Goal of the exercise » Beginning at the line containing "Hello, this is", repeat each line below exactly up to and including the line containing "It has pungent". Do not repeat the pictures.

Dataset content »
■ ■ ■ ■ ■

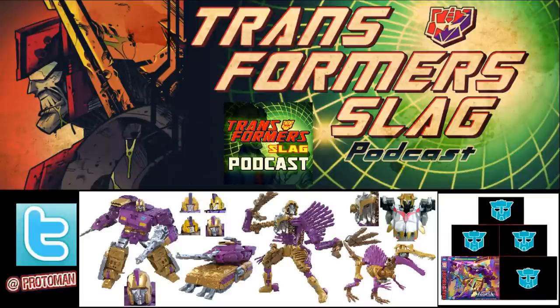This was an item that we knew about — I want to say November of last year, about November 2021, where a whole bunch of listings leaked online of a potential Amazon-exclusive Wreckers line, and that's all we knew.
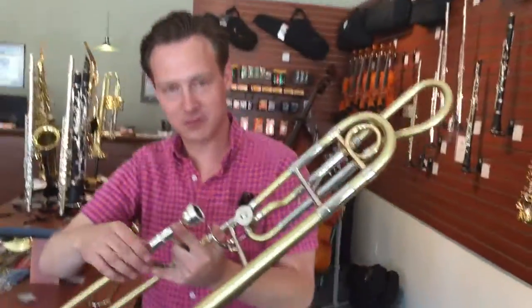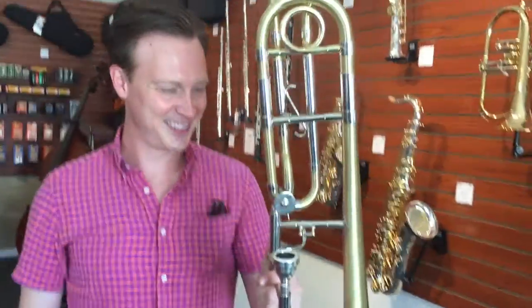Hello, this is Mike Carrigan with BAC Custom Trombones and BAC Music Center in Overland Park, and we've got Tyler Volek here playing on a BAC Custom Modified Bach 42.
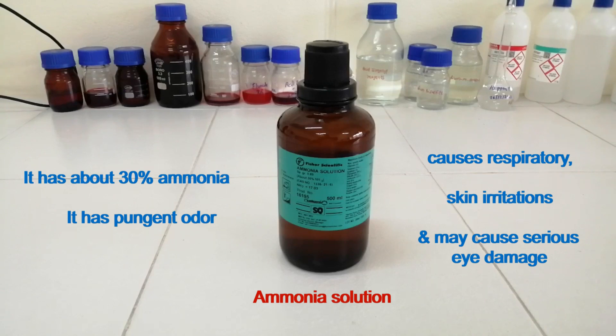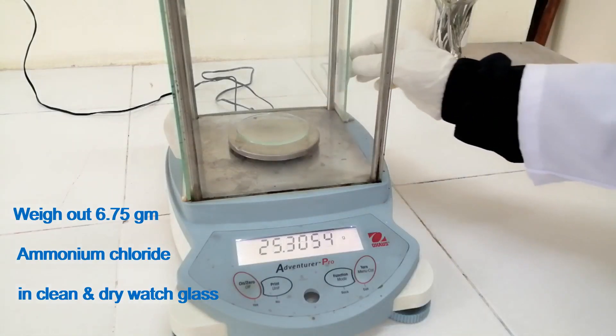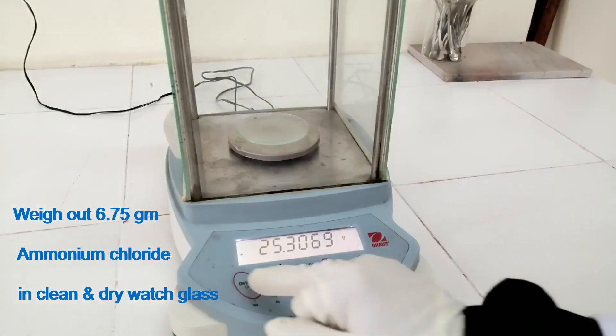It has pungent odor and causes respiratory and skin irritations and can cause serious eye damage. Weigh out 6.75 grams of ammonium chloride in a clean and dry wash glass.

■ ■ ■ ■ ■

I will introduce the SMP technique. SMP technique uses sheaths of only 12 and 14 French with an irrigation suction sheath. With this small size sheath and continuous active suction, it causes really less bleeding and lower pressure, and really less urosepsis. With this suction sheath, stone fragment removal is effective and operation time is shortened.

■ ■ ■ ■ ■

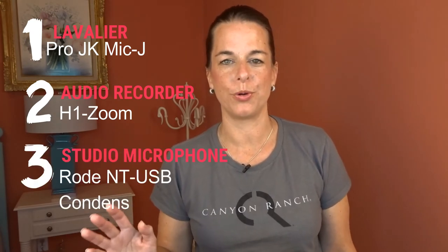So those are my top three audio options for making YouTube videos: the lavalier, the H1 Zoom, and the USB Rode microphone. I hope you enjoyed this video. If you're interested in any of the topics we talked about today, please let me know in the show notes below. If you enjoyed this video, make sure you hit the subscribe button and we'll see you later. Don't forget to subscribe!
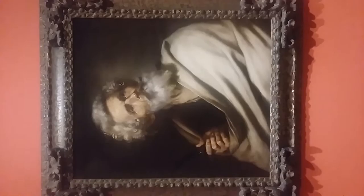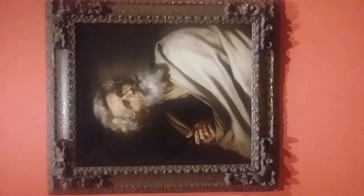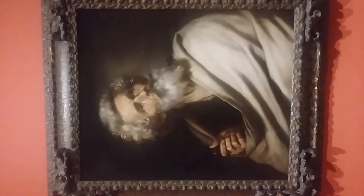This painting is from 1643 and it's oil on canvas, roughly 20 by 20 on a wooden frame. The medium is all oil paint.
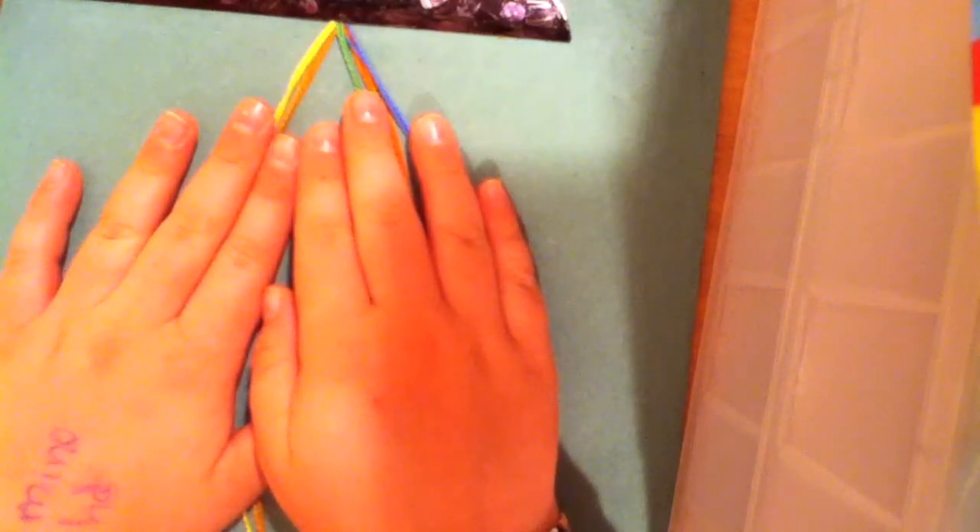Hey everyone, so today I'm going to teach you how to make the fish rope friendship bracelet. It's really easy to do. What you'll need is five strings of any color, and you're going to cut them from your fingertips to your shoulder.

■ ■ ■ ■ ■

Output below »
Hello, this is Mike Carrigan with BAC Custom Trombones and BAC Music Center in Overland Park, and we've got Tyler Volek here playing on a BAC Custom Modified Bach 42.
It has pungent odor and causes respiratory and skin irritations and can cause serious eye damage. Weigh out 6.75 grams of ammonium chloride in a clean and dry wash glass.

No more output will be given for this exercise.